Mais quand on y vient à deux, et surtout pour apprécier la cuisine, è perfetto. Enfin ça devrait. D'ailleurs, à table !

  • crabe royal aux fines lamelles de raves épicées. Présenté sous forme de deux petites bouchées (les cinq premiers plats sont servis en portions de dégustation), le crabe domine, on perçoit la présence de l'estragon, c'est très goûteux, frais. Miam.
  • asperge verte en velouté, comme un cappuccino. Le velouté est présenté dans un bol, chaud, très crémeux, décoré d'une pointe d'asperge croquante et de feuilles que je n'arrive pas à identifier. Le serveur me répond "oseille", ça me laisse perplexe et ne ressemble pas du tout à l'oseille que je connais. En tout cas elles apportent avec un temps de retard une agréable touche acidulée. Encore meilleur que la soupe de maman, si tant est que ce soit possible (maman, si tu me lis ...).
  • foie gras de canard chaud aux sucs d'hibiscus. Servi tout juste poêlé, le "filet" de foie est fondant comme dans un rêve. Posé sur de fines rondelles d'un nouvel objet gastronomique non identifié.
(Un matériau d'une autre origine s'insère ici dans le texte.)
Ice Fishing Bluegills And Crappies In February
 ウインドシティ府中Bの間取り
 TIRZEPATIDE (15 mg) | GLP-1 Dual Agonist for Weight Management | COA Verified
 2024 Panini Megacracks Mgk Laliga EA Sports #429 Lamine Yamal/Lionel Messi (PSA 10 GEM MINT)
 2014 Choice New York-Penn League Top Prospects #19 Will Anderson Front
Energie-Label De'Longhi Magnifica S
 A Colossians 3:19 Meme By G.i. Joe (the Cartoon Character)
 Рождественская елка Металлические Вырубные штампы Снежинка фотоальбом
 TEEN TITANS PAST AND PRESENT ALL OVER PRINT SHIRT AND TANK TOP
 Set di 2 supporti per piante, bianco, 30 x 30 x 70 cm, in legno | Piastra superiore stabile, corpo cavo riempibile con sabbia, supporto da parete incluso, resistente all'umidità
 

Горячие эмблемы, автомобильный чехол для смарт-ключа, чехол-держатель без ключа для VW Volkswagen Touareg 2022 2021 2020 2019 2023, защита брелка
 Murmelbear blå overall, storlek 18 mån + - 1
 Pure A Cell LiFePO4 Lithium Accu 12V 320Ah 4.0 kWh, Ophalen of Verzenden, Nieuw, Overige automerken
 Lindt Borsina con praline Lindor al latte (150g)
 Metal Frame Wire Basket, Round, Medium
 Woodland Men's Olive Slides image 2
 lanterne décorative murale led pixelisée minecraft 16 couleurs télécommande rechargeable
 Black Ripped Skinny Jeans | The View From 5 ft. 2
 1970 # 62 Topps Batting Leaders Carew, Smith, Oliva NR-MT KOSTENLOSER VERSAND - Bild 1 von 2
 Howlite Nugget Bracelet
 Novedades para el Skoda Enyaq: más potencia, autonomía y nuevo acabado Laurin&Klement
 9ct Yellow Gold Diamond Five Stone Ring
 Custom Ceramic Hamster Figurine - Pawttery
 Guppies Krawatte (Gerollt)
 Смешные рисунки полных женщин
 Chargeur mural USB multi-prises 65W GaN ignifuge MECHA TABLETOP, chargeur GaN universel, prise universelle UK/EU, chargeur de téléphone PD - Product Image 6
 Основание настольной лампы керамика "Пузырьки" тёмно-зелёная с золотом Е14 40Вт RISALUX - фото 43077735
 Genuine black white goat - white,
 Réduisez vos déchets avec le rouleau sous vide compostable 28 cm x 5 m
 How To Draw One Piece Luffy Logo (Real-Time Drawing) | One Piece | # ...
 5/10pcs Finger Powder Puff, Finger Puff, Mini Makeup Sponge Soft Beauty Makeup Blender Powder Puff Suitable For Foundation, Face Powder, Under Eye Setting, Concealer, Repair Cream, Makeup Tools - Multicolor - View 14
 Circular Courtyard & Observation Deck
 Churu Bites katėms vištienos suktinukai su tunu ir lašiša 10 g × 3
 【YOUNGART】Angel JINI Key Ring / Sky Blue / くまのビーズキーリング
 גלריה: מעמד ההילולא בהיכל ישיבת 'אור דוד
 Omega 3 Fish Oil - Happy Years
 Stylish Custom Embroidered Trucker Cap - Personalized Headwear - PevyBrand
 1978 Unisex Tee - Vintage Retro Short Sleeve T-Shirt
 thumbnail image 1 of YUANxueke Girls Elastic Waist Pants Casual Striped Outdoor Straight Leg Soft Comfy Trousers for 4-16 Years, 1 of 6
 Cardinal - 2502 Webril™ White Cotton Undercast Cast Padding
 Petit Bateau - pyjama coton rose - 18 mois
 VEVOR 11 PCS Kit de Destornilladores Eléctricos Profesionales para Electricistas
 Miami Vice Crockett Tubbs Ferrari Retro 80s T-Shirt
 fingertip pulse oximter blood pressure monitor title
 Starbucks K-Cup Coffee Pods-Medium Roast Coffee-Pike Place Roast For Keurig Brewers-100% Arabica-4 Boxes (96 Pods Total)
Couleur de navet, mais de loin pas assez fade pour en être, et encore plus croquant. Une variété de pomme de terre exotique ? Non, c'est trop acidulé. Le côté presque poivré, piquant ... du radis noir, ou un tubercule dans le genre ? Non, "rhoubarbé" me répond Giovanni. Tiens, moi qui ne suis pas fan de tarte à la rhubarbe, c'est bien la preuve qu'un bon cuisinier arriverait à me faire manger n'importe quoi. En tout cas c'est très réussi, les suc d'hibiscus, sous forme de traits sur l'assiette, concentrés, sucrés (loin de l'amertume un peu écoeurante de la plante en infusion), apportant un point final à cet excellent assemblage de goûts et de textures.
  • oeuf de poule cocotte à la crème légère d'épinard et aux petits croûtons. Ce n'est pas un coquetier mais un verre à cocktail qui arrive. Le jaune est au fond du verre, recouvert de la crème d'épinard (plus crème qu'épinard ...), il faut aller le percer avec la cuillère pour le mélanger. Parmi les croûtons, du pain bien sûr, mais aussi des mini-dés de jambon. Du croquant, du tendre, le tout dans du crémeux avec l'onctuosité du jaune. Sensualità ...
  • saint-pierre en filet avec des févettes mitonnées au piment doux. La moins réussie à mon goût des cinq entrées. Le poisson est peut-être un poil trop ferme, pas assez puissant en saveur pour résister au piquant de l'accompagnement. Place au plat, maintenant.
  • J'avais longuement hésité avec les côtelettes d'agneau de lait, mais j'ai finalement pris un petit risque, compte tenu de mon aversion pour le vin jaune, en choisissant la volaille fermière avec un jus au vin d’Arbois et morilles[2]. Arrivent des tranches à la cuisson impeccable, très tendres, généreusement accompagnées de morilles. En goûtant les morilles seules on se dit qu'elles vont écraser la volaille. Et pourtant, en associant les deux, elles perdent juste ce qu'il faut de force pour que la combinaison soit harmonieuse. Bellissimo.
  • le premier dessert s'intitule multivitaminé, ganache au chocolat Jivara, fruits rouges aux épices et glace verveine. Je ne comprends pas le pourquoi du "multivitaminé", mais le dessert est réussi, quoique la verveine fut très discrète.
  • chartreuse en soufflé chaud avec une crème glacée à la pistache. Dans un ramequin individuel, un soufflé arrive bien gonflé et doré, dans lequel le serveur ouvre juste avant de le servir une cheminée pour y glacer une quenelle de glace. A manger rapidement, pour profiter du contraste de températures [3]. Pas fan de pistache j'aurais dû penser à demander à inverser l'ordre de service des desserts, mais ça le fait bien quand même, en plus d'être original. Le fond du ramequin, quand les sucres se sont mélangés et que le blanc en neige est redevenu crémeux, donnerait presque envie d'y aller avec le doigt :) Le côté un poil entêtant de la chartreuse risque cependant de gêner ceux qui n'aiment pas la force arômatique de cette liqueur.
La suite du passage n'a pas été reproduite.